Caching the results of functions of your R package

Metadata

Highlights

  • One principle of programming that’s often encountered is “DRY”, “Don’t Repeat Yourself”, that encourages e.g. the use of functions over duplicated (read: copy-pasted and slightly amended) code. You could also interpret it as don’t let the machine repeat its calculations if useless. How about for a function with the same inputs (or with no argument!), we only run it once e.g. per R session, and save the results for later? In this post, we shall go over ways to cache results of R functions, so that you don’t need to burden machines and humans.
  • Caching: what is it and why use it? Caching means that if you call a function several times with the exact same input, the function is only actually run the first time. The result is stored in a cache of some sort (more practical details later!). Every other time the function is called with the same input, the result is retrieved from the cache unless invalidated. You will often think of caching as something valid in only one R session, but we’ll see it can be persistent across sessions via storage on disk.
  • Now, why use caching? * It might help save time. * It might help save other resources of users such as money: e.g. if the function calls a web API whose pricing depends on the number of hits. 😅 * It might be more polite. That’s similar to the second item but from the perspective of e.g. a web API you keep hitting when you could have saved the result. The polite package for polite webscraping caches results.
  • Caching can be about results of functions but also some user inputs that won’t change for the session and you don’t want to ask every time you need it (being polite!). It could be per session caching but also persistent caching. As an example, reticulate will ask you once if you want to install miniconda by storing your answer locally if you say no and not ask again. (See internal miniconda_install_prompt()).
  • The memoise package The memoise package by Jim Hester is easy to use. Say we want to cache a function that only sleeps. The second call to sleep() is much quicker because, well, it does not call the .sleep() function so there’s no sleep.
  • Function factory Now what if you want simple memoization and no dependency on the memoise package? In that case you might be interested in creating some sort of function factory. See the example below, with who_am_i_impl() the function factory. We use it to create the who_am_i() function whose results are then stored for the session.
  • This function is a closure (a function creating a function). It will take any function and makes it cache its result in a list based on first argument value (here arg) when this is a string.

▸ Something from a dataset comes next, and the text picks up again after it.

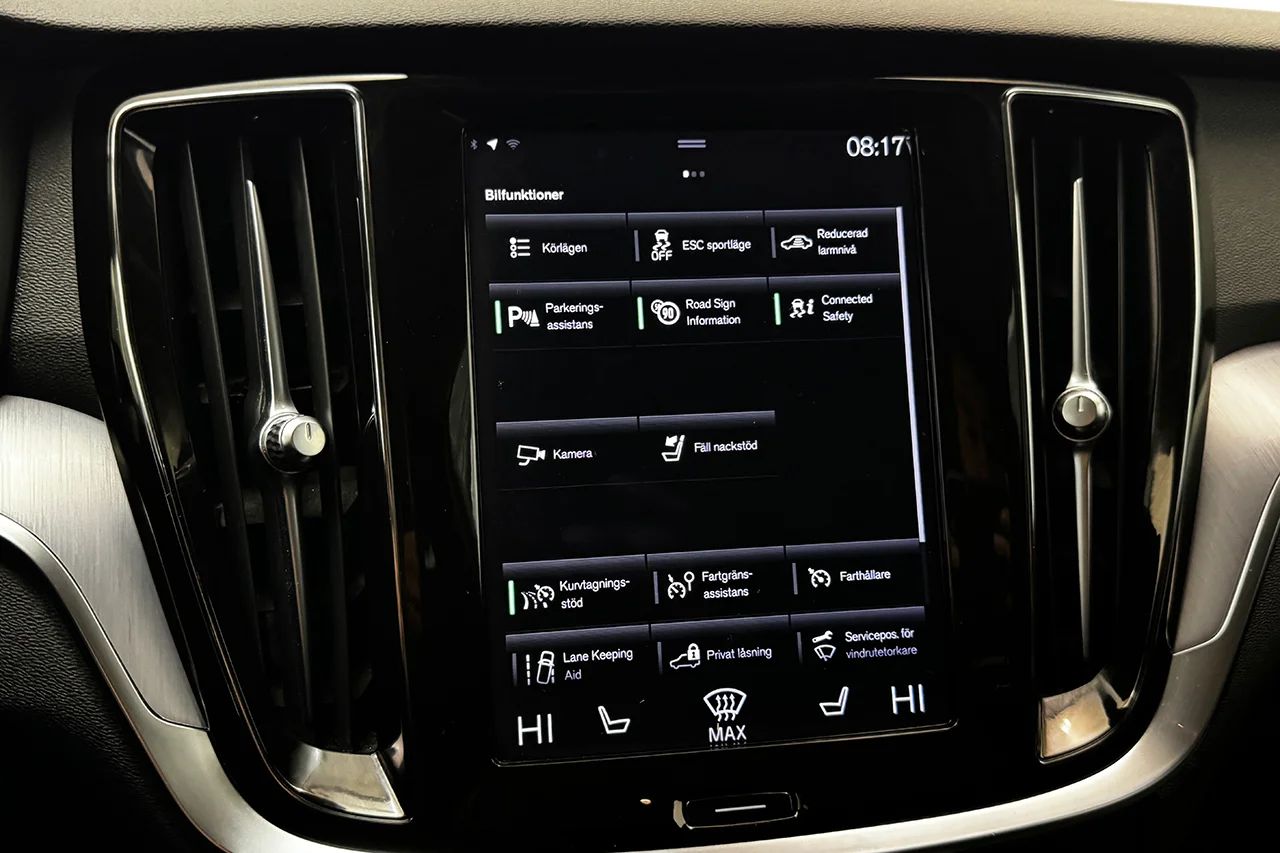 Volvo V60 Cross Country B4 AWD Advanced Navi Pro Ed Drag Navi Kamera Värmare 197hk – bild 25 av 37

If the memoized function is called again with the same first argument arg, then the result is retrieved from the list instead of the function being executed.
  • In the Advanced R book by Hadley Wickham such function factories are called stateful functions that “allow you to maintain state across function invocations”.

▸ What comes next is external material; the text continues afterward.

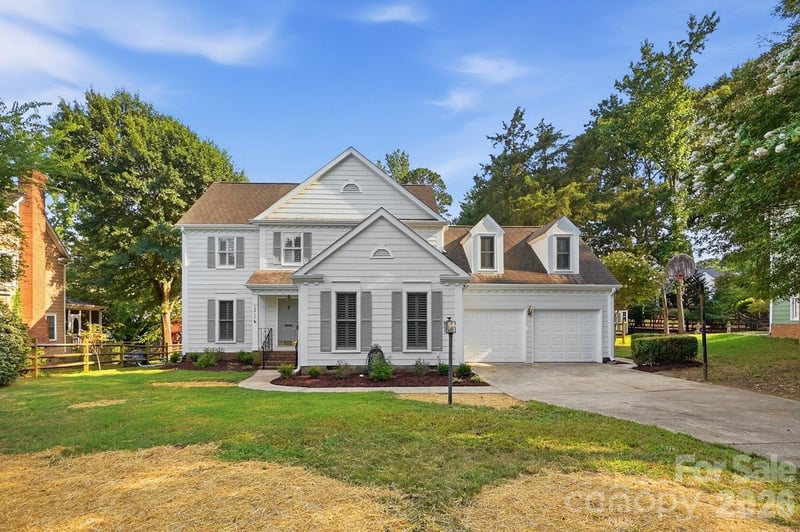 10012 Brass Eagle Ln, Charlotte, NC 28210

  • Saving results in an environment This is well suited for package development where: * You create an environment internal to your package where you store a value; * You can then store in it any computed value for the current R session where the package is loaded.

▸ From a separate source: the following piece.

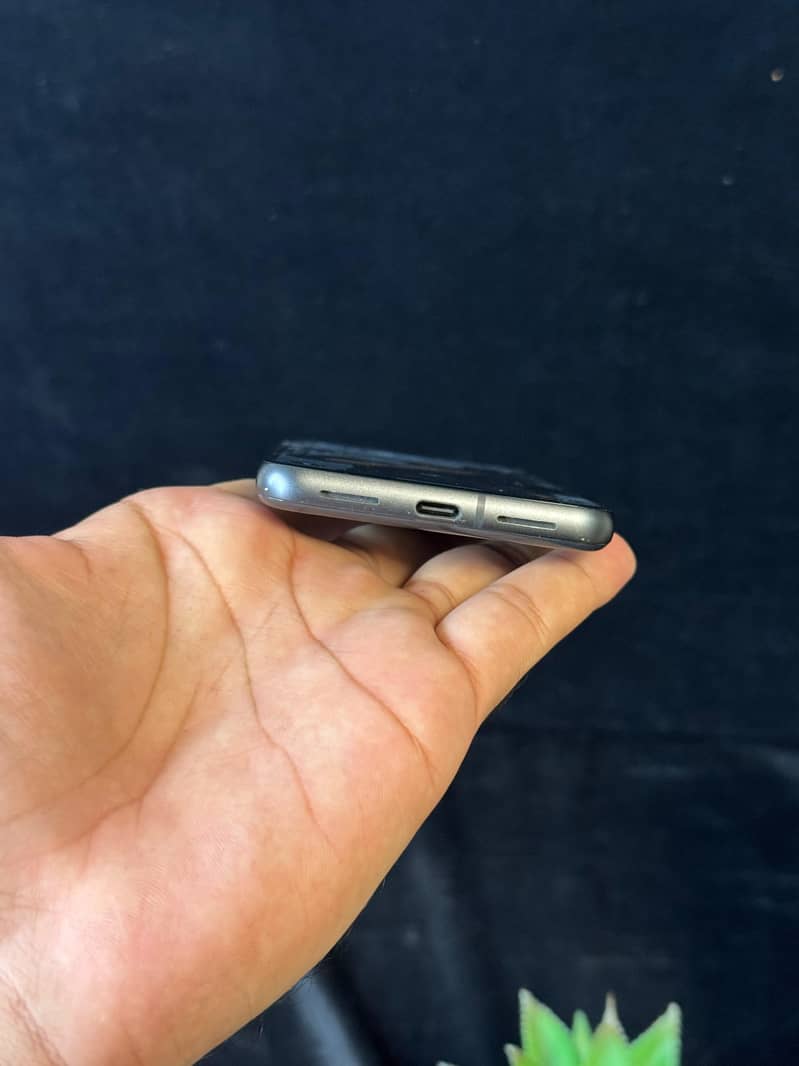 Google Pixel 8 5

  • This example would be simpler if using rlang::env_cache() by Lionel Henry (in the development version of rlang at the time of writing).
  • Storing on disk? For persistent caching across R sessions you will need to store function results on disk. On that topic see also the R-hub blog post on persistent data and config for R packages. Where to store results on disk? Best practice is to use user data dir via the rappdirs package or tools::R_user_dir() from R version 4.0. You might see some local caching e.g. what httr::oauth2.0_token() does, in that case with editing of the .gitignore file as the cached result is a secret!
  • Packages for caching For further tooling around caching beside the memoise package and base R functions, refer to these packages (and their reverse dependencies!): * storr by Rich FitzJohn. Creates and manages simple key-value stores. These can use a variety of approaches for storing the data. This package implements the base methods and support for file system, in-memory and DBI-based database stores. * R.cache by Henrik Bengtsson. Fast and Light-Weight Caching (Memoization) of Objects and Results to Speed Up Computations. * cachem by Winston Chang. Key-value stores with automatic pruning. Caches can limit either their total size or the age of the oldest object (or both), automatically pruning objects to maintain the constraints.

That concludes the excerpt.